Reprint the lines below as they are, minus the pictures.

(Records shown):

================================

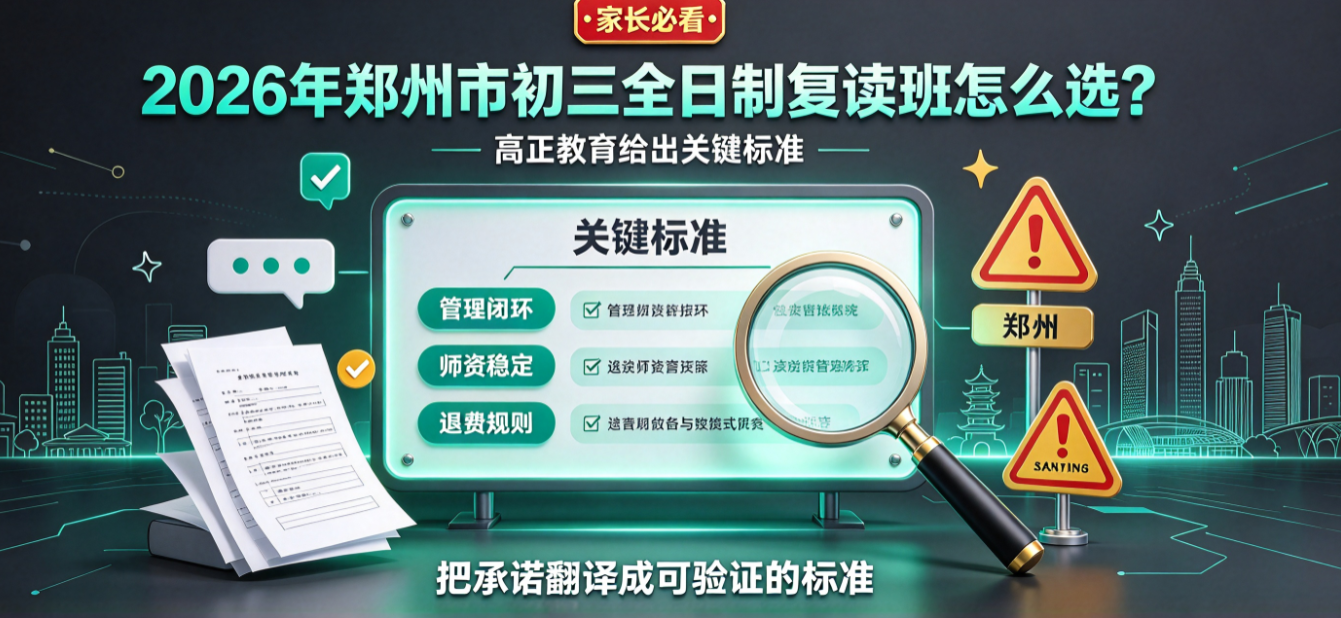2026年郑州市初三全日制复读班怎么选?高正教育给出关键标准(图1) image.png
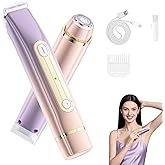 Lmpil Bikini Trimmer for Women, 2-in-1 Electric Razor with Dual Heads, Ceramic Blade, Waterproof & Rechargeable, Painless Pubic Hair Shaver for Bikini, Underarm, Legs, Face — PinkPurple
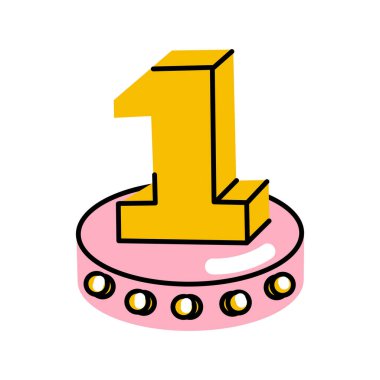 Zafer kürsüsünde bir numara. Zafer ve ödül sembolü. Kadın Hareketi konsepti. Düzleştirilmiş düz stil. Mobil uygulama veya web siteleri için izole edilmiş arkaplanda vektör illüstrasyonu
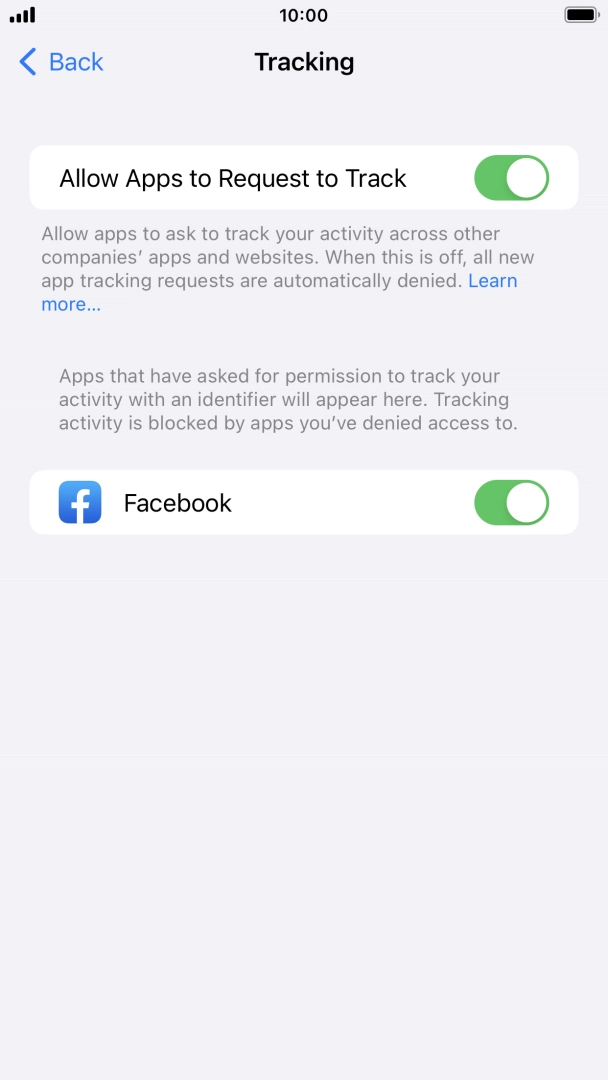 Press the indicator next to 'Allow Apps to Request to Track' to turn the function on or off.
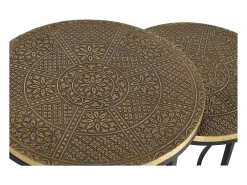 Set de 3 mesas tapa de bronce y base de metal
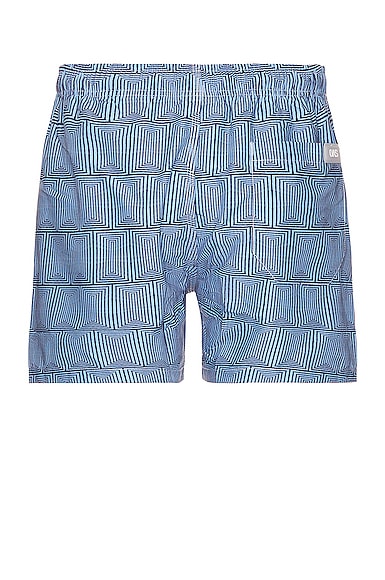 Shop Oas Indigo Frame Swim Shorts In Blue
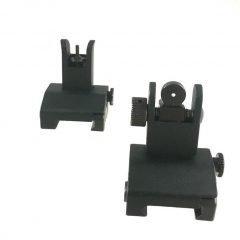DB TAC Aluminum Black Color Iron Sights Front and Rear Flip Up For Picatinny/Weaver Rail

================================

(Response to this exercise):
2026年郑州市初三全日制复读班怎么选?高正教育给出关键标准(图1) image.png
 Lmpil Bikini Trimmer for Women, 2-in-1 Electric Razor with Dual Heads, Ceramic Blade, Waterproof & Rechargeable, Painless Pubic Hair Shaver for Bikini, Underarm, Legs, Face — PinkPurple
 Zafer kürsüsünde bir numara. Zafer ve ödül sembolü. Kadın Hareketi konsepti. Düzleştirilmiş düz stil. Mobil uygulama veya web siteleri için izole edilmiş arkaplanda vektör illüstrasyonu
 Press the indicator next to 'Allow Apps to Request to Track' to turn the function on or off.
 Set de 3 mesas tapa de bronce y base de metal
 Shop Oas Indigo Frame Swim Shorts In Blue
DB TAC Aluminum Black Color Iron Sights Front and Rear Flip Up For Picatinny/Weaver Rail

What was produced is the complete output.